EXTRACTED ENTRIES:

=======

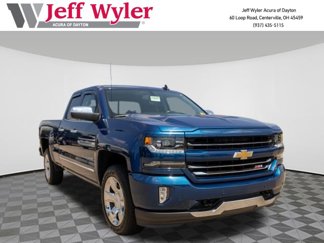 Used 2017 Chevrolet Silverado 1500 LTZ Z71 w/ LTZ Plus Package image 1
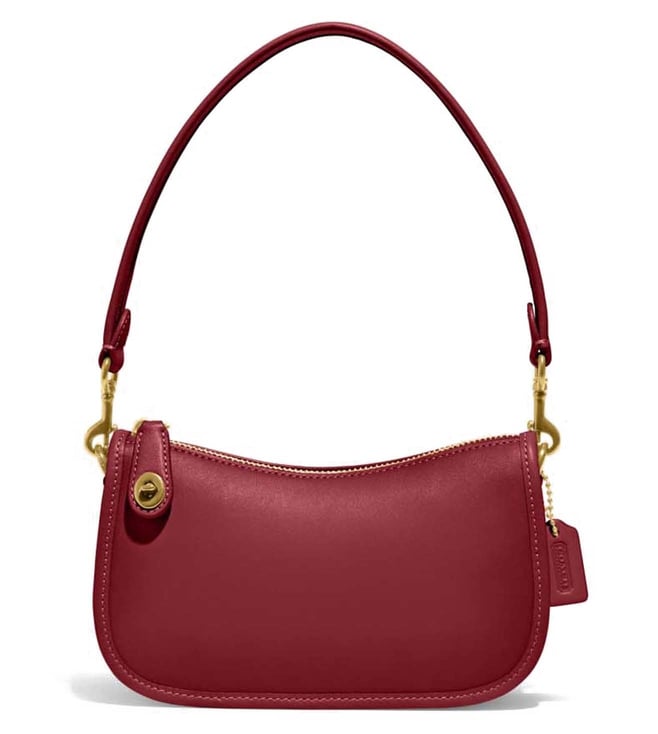 Hotsell Coach swinger bag red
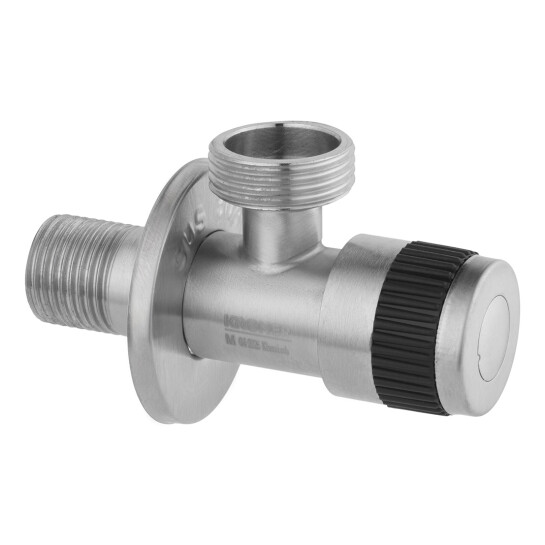 Головне фото - Кран приладовий Kroner KRP Edelstahl Klassisch - ESG102 1/2"х3/4" ЗЗ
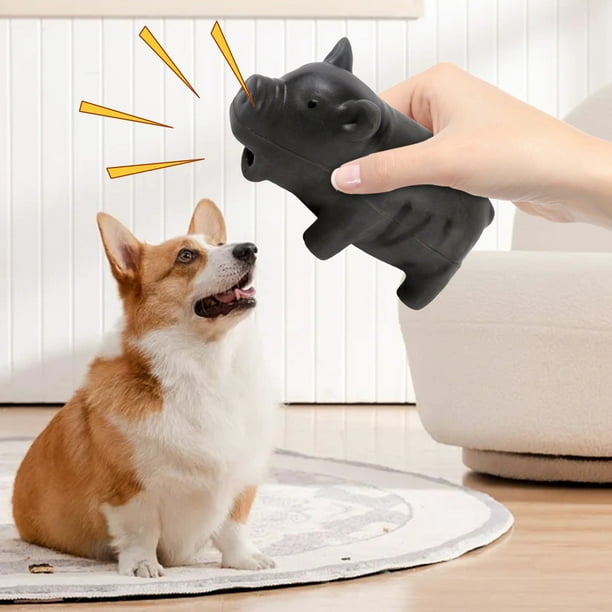 Pisexur Suministros para mascotas Juguete para perros, animales, forma de cerdo, juguete con sonido para roer, para perros, gatos y animales.perros, gatos y animales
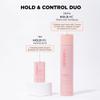 DESIGNME HOLD.ME Styling Stick & Three-way Hairspray | Hair Wax Stick | Controls Frizz, Tame Flyaways & Smooths Hair | Strong Hold Hairspray | Heat Protection Hair Setting Spray view 2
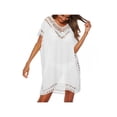 thumbnail image 2 of MarinaVida Women Casual Loose Cover Up Beach Bikini Dress, 2 of 4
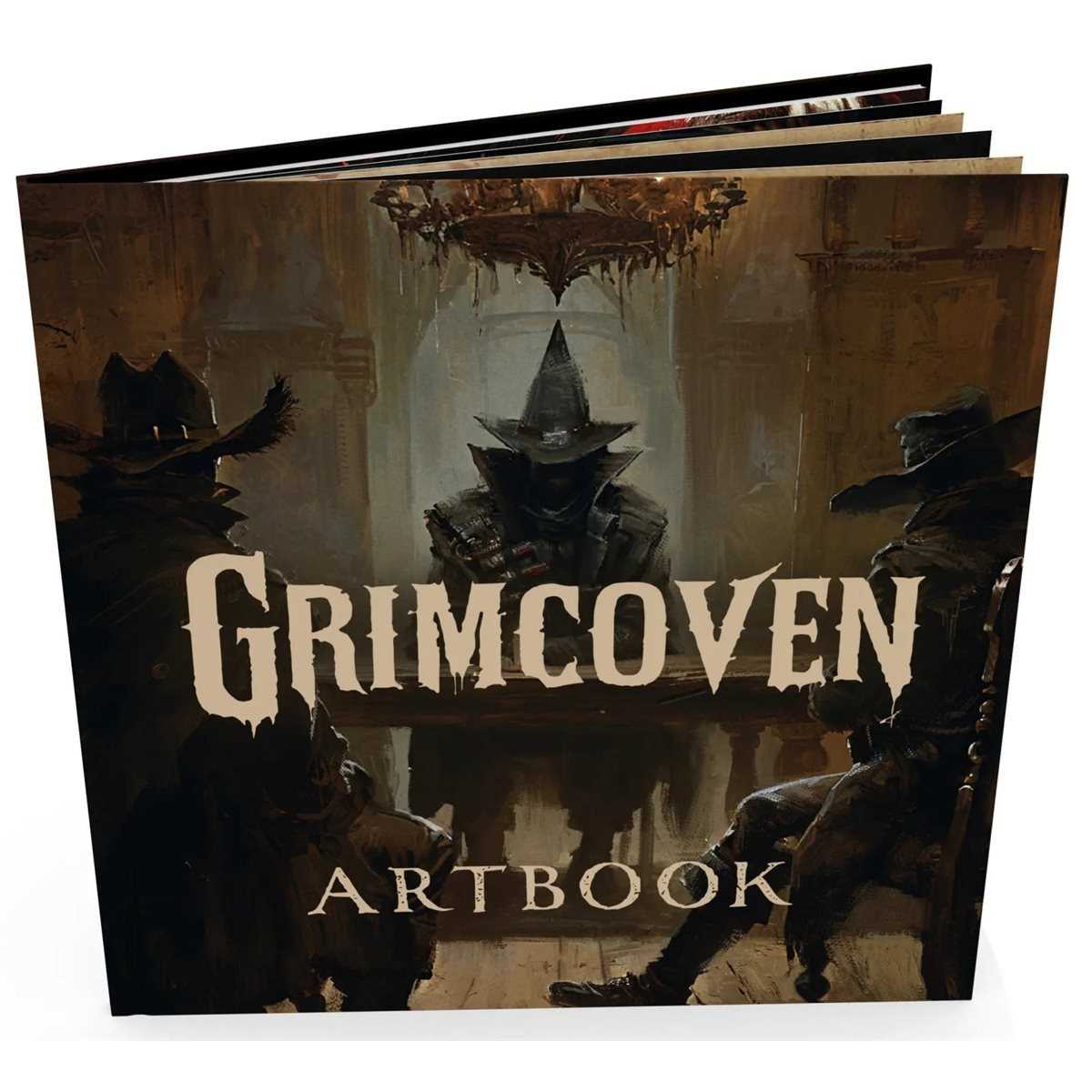 Grimcoven: Artbook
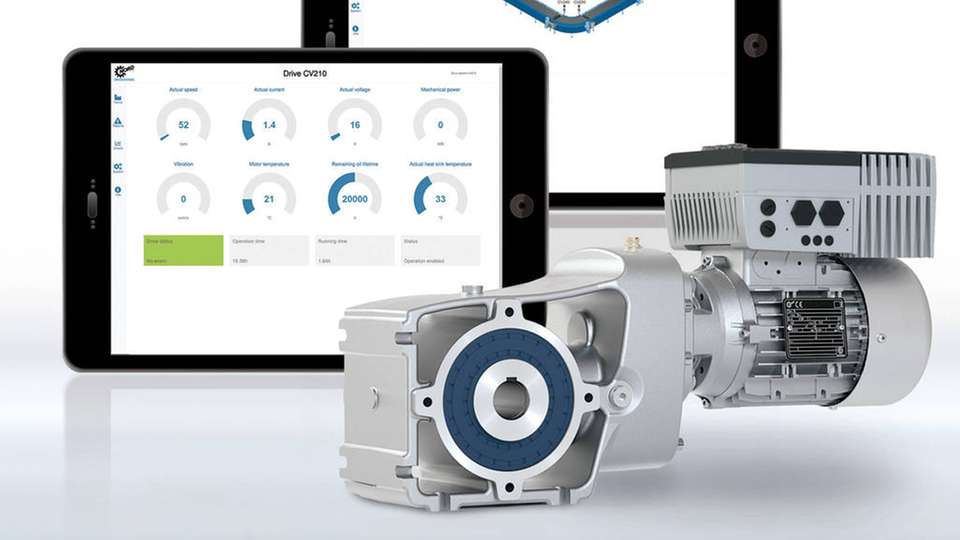 Mit den Frequenzumrichtern von Nord Drivesystems können regelmäßig oder permanent Antriebs- und Zustandsdaten erfasst werden.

=======

Repeat the material line for line. Pictures stay out of the copy.

SOLVED EXERCISE:
 Used 2017 Chevrolet Silverado 1500 LTZ Z71 w/ LTZ Plus Package image 1
 Hotsell Coach swinger bag red
 Головне фото - Кран приладовий Kroner KRP Edelstahl Klassisch - ESG102 1/2"х3/4" ЗЗ
 Pisexur Suministros para mascotas Juguete para perros, animales, forma de cerdo, juguete con sonido para roer, para perros, gatos y animales.perros, gatos y animales
 DESIGNME HOLD.ME Styling Stick & Three-way Hairspray | Hair Wax Stick | Controls Frizz, Tame Flyaways & Smooths Hair | Strong Hold Hairspray | Heat Protection Hair Setting Spray view 2
 thumbnail image 2 of MarinaVida Women Casual Loose Cover Up Beach Bikini Dress, 2 of 4
 Grimcoven: Artbook
 Mit den Frequenzumrichtern von Nord Drivesystems können regelmäßig oder permanent Antriebs- und Zustandsdaten erfasst werden.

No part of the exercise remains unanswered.